Sorry to break the news, Christians, but there is no evidence whatsoever that first century Jews were immune to mental illness and hallucinations. (Even mentally healthy people can have hallucinations when they are sleep deprived, emotionally distraught, have a high fever, etc.). All it took was just one disciple to hallucinate seeing a flesh and blood resurrected Jesus and that belief will remain real to him even after the hallucination is over.
The “No First Century Jew Would Believe or Do Such and Such” generalization falls flat on its face.
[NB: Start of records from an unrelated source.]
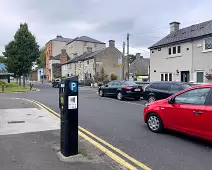 COLERAINE STREET AND NEARBY [JUNE 2024]- X-234851-1 COLERAINE STREET AND NEARBY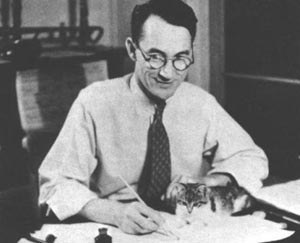 品托·考维格 Pinto Colvig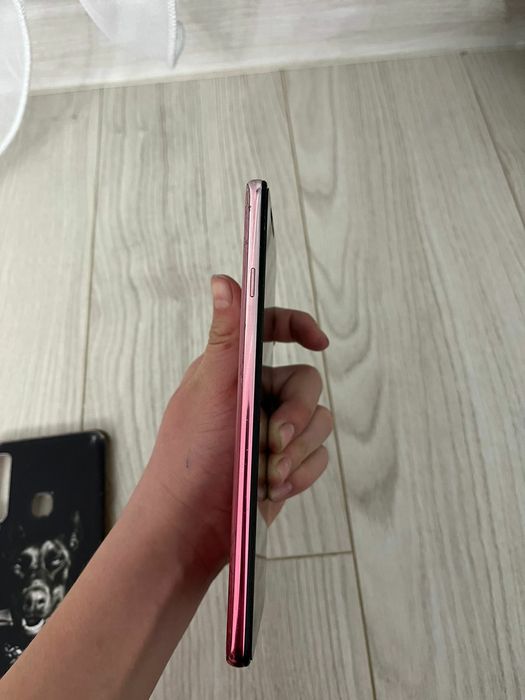 А9 2018 Samsung Galaxy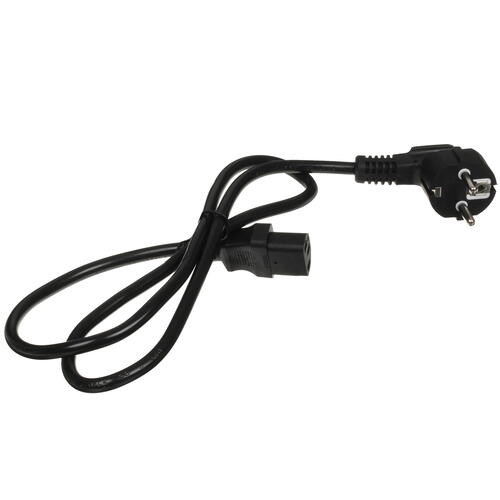 Купить Кабель питания DEXP CEE 7/7 - IEC 320 C13  5421877. Характеристики, отзывы и цены в Донецке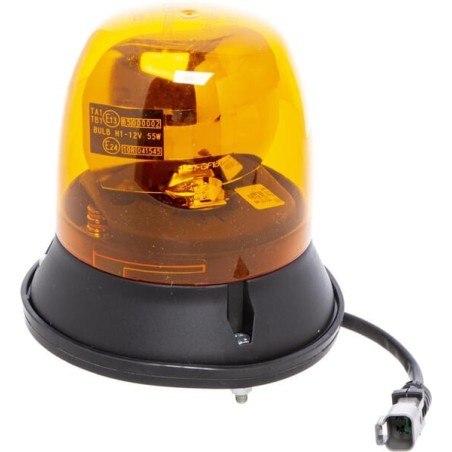Rotating beacon - 87050694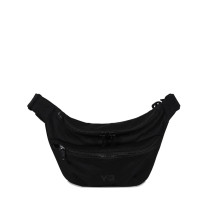[Y - 3] Belt Bag FW26 JW6221BLACK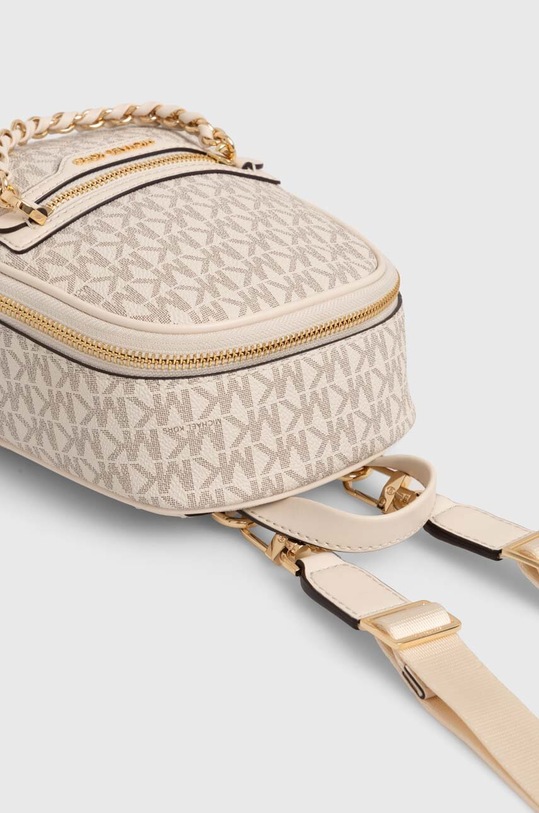 Ruksak MICHAEL Michael Kors béžová 30F3G5EB1B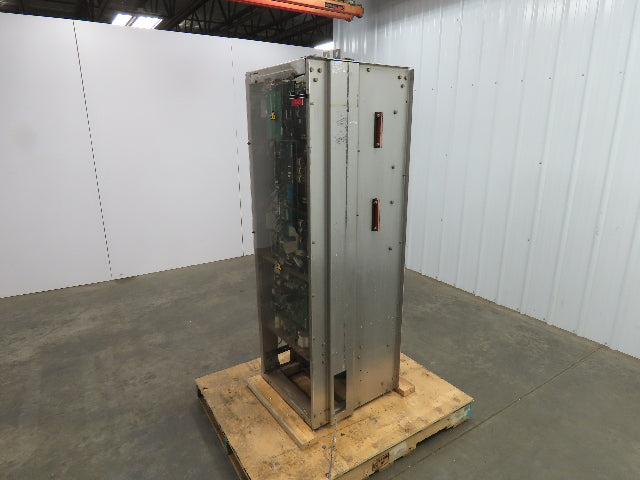 Stromberg SAFUI 870F576 ABB Invertor Drive VFD 575V 500Hp 870KVA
Update 2/15/2017: I posted a couple of comments on Bart Ehrman’s blog about some of the issues discussed in Dr. Bombaro and Dr. Francisco’s book. Below is one comment and Ehrman’s response:
February 14, 2017
Here is a quote from “The Resurrection Fact”, a book recently published by my former denomination which expresses this position [that no Jew would believe in the bodily resurrection of one person without visual and tactile evidence]:
“Hansen [one of the authors] straightforwardly contradicts Luedemann’s theses [that the disciples had non-veridical visions] by substantiating that the New Testament witnesses operated in a Semitic philosophical tradition that was intensely tactile and defined by a biblical narrative in which God was providential and miraculously active in space and time. It was the apostle’s deep commitment to a Jewish worldview that provided them resources to recognize the difference between trauma-induced visions and a bodily resurrection. Indeed, biblical Judaism had a profound understanding of material reality and, relatedly, its antithesis in terms of nonphysical entities. What the earliest Jewish Christians proclaimed was a bodily resurrection, and no one more so than Paul who was himself “a Pharisee, descended from Pharisees” (Acts 23:6).” —Dr. John Bombaro in the Introduction
I run into this all the time in my discussion with Christians: “Unlike people today, first century Jews would never have done or believed X, Y, or Z.”